I am currently working on implementing a Vision Transformer Architecture, which consists of a Shared Encoder and three Decoders for three different tasks, primarily focusing on white balancing. Each of these four components has been implemented as its own nn.Module.

During the training phase, all four components are trained together. The Primary Decoder produces three separate losses (L1, L_ang, L_surf), while the two Auxiliary Decoders each have one loss (L_A and L_E). The loss of the Encoder should be the sum of these five losses (+ L_cont that I’ve not implemented yet).

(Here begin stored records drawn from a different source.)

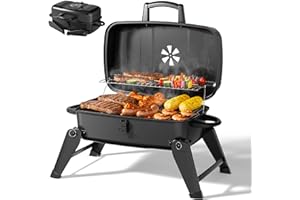 MASTER COOK Portable Charcoal Grill, Foldable Lightweight BBQ Grill with Adjustable Air Vent and 330 sq.in. Cooking Area Outdoor RV, Camping, Patio, Tailgating, Travel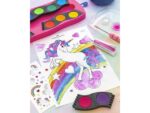 Faber Castell Waterverfdoos Faber-Castell Connector 12 kleuren + 1 tube   regenboog glitter en unicorn stickers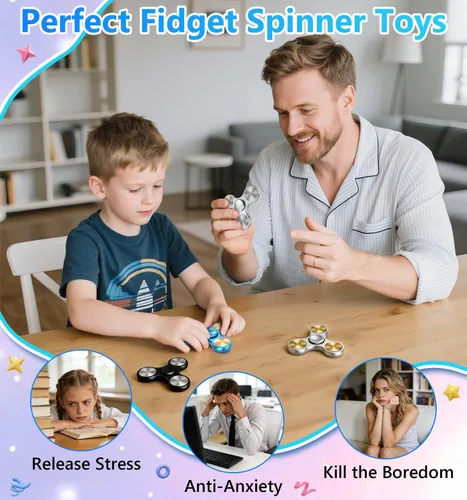 Miniatura 4 de ATESSON Spinner Fidget juguete, 3 a 5 minutos de giro, ultra duradero de acero inoxidable, rodamientos de alta velocidad de precisión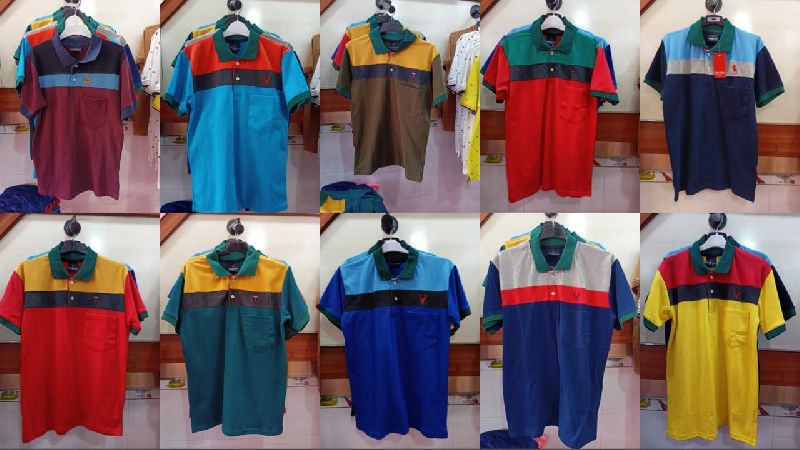 Men's Collar T-shirt With Pocket Cut and Sew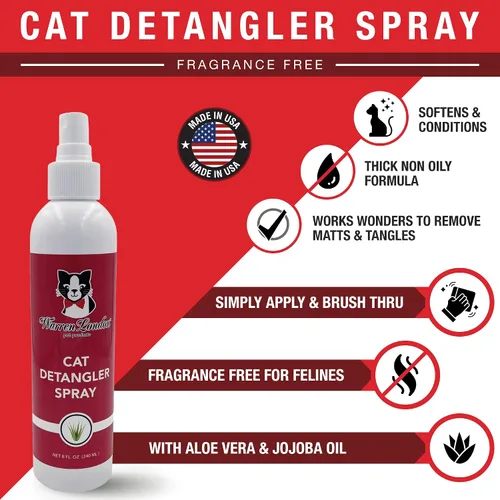Miniatura 6 de Warren London Paquete de spray desenredante para gatos con cepillo de clavijas para cabello enmarañado Acondicionador sin enjuague para mascotas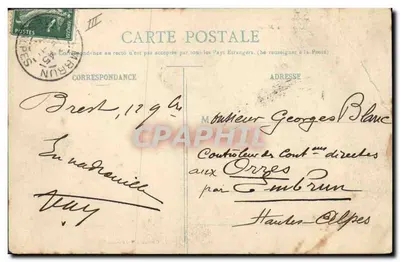 BREST - Pont National ouvert — Passage du Croiseur Cuirassé Marseillaise — Collection H. Laurent, Port-Louis — Achterkant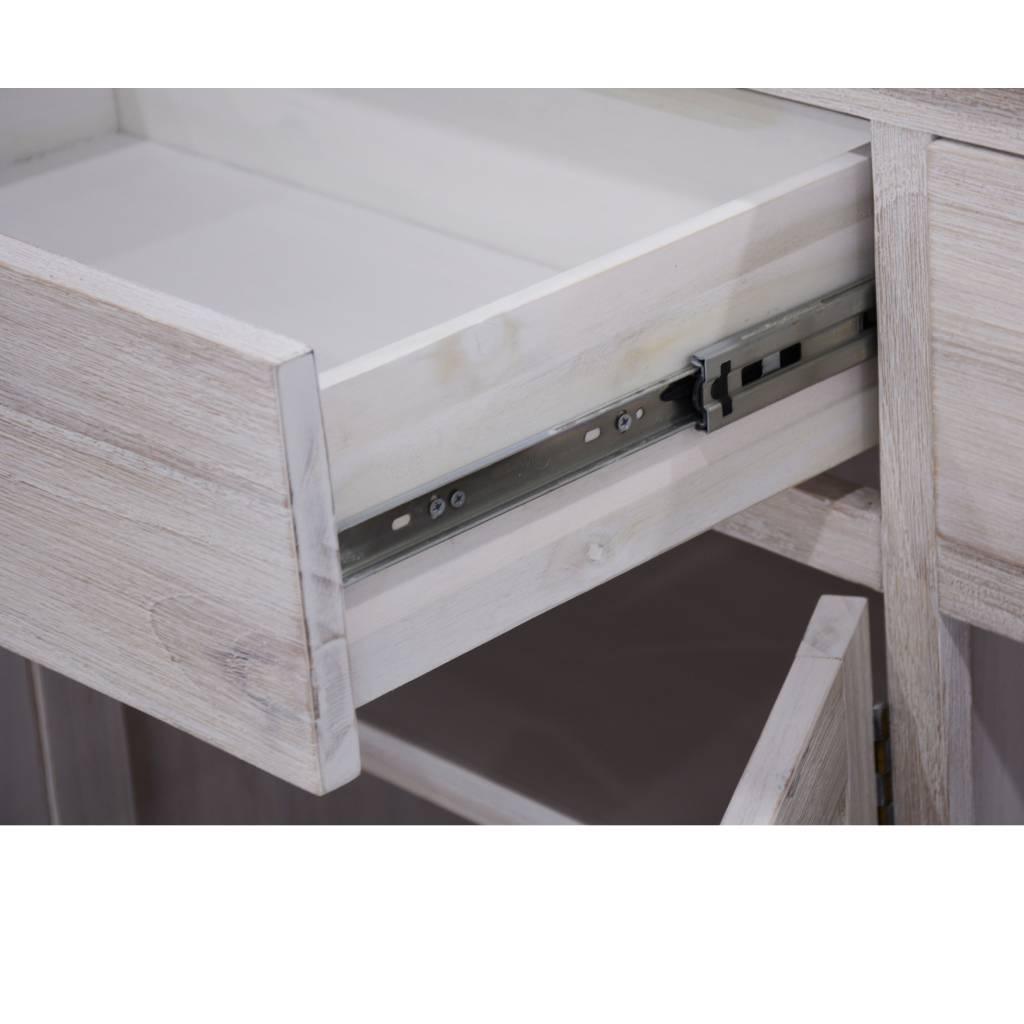 MANLY 50CM 3 DRAWERS BEDSIDE TABLE IN BRUSHED WHITEWASH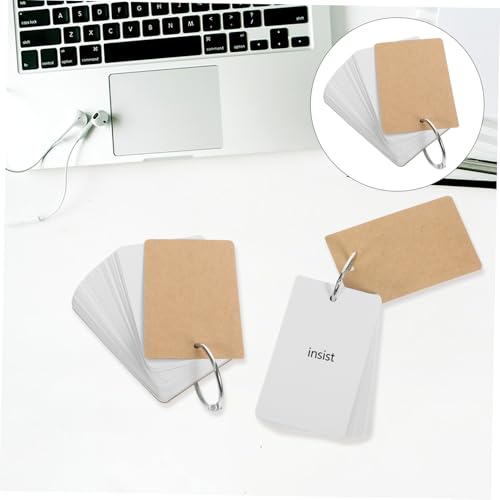 Cartes Flash Blanches avec Anneaux pour Réussir vos Examens et Notes DIY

My challenge lies in correctly backpropagating these losses and informing PyTorch which model each loss should be backpropagated to. Attempting to use multiple .backward() calls results in an error. I have come across suggestions to simply sum all the losses together, allowing the method to automatically handle the backpropagation. However, I do not fully understand this approach and I am unsure if it is effectively assigning the losses as intended.

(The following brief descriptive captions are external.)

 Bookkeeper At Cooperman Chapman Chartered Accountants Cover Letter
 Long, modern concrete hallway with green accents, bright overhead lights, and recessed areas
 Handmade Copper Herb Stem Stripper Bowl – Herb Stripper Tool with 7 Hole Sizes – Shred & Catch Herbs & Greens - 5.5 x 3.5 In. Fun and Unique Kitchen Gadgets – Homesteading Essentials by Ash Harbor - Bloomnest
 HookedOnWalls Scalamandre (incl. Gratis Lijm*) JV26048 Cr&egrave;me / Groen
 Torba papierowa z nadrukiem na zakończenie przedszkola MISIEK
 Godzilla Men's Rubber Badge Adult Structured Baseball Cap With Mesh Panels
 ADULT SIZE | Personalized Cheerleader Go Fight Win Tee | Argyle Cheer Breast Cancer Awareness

Here is the code I am currently using for the backward pass within the Training function:

    with torch.autocast(device.type if device.type != 'mps' else 'cpu', enabled=amp):
                         pred, achromatic_map, pred_hed = get_decoders_outputs(modules, *modules["encoder"](input))
                         total_loss = get_total_loss(input, pred, gt, achromatic_map, pred_hed, gt_hed, loss_weights)

    # Loss
    update_modules(modules, optimizers, grad_scaler)

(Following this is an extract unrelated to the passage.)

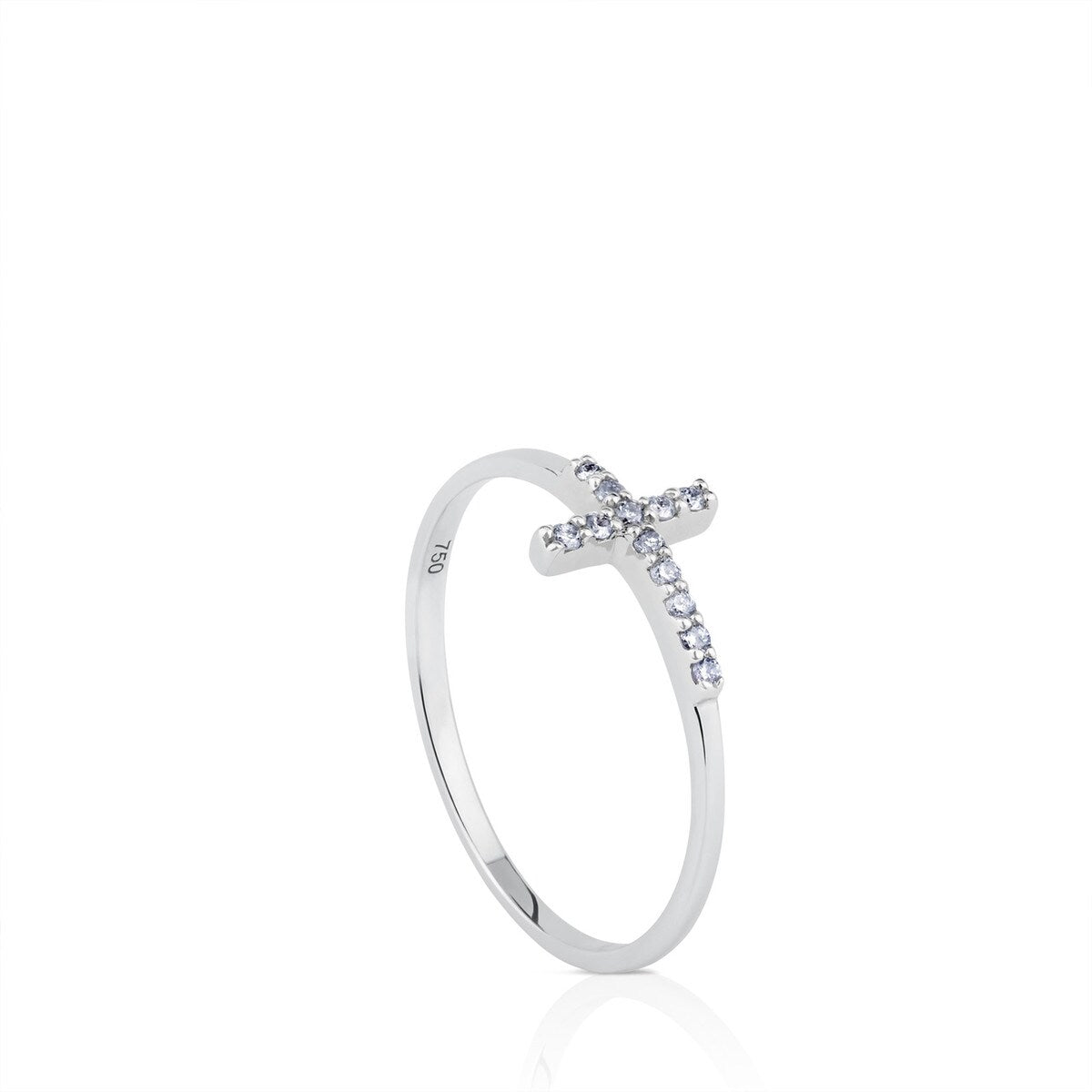 White Gold Cross Ring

Additionally, here is the code for computing the losses:

def get_primary_loss(input, pred, gt, loss_weights):
    loss_score = 0 

    loss_score += L1_loss(pred, gt, loss_weights[0])

    loss_score += angular_loss(input, pred, gt, loss_weights[1])

    loss_score += surf_loss(pred, gt, loss_weights[2])

    return loss_score

def get_total_loss(input, pred, gt, achromatic_map, pred_hed, gt_hed, loss_weights):

    primary_loss = get_primary_loss(input, pred, gt, loss_weights[2:5])
    achromatic_loss = achromatic_pixel_detection_loss(gt, achromatic_map, loss_weights[0])
    edge_loss = edge_detection_loss(pred_hed, gt_hed, loss_weights[1])
    total_loss = primary_loss + edge_loss + achromatic_loss

    return total_loss

Summing the losses and calling backward on it will backpropagate through each of the summands and should work. In the end the addition of the losses is a differentiable operation which Autograd understands.
If you call backward() multiple times I assume you are running into an error claiming the computation graph was already freed which would indicate that the losses share some common layers/parameters.
In this case, the first backward call will free the intermediate activations needed to compute the gradients. You could work around this issue by using retain_graph=True in the first backward calls and set it back to False in the last one, but summing the losses should also work.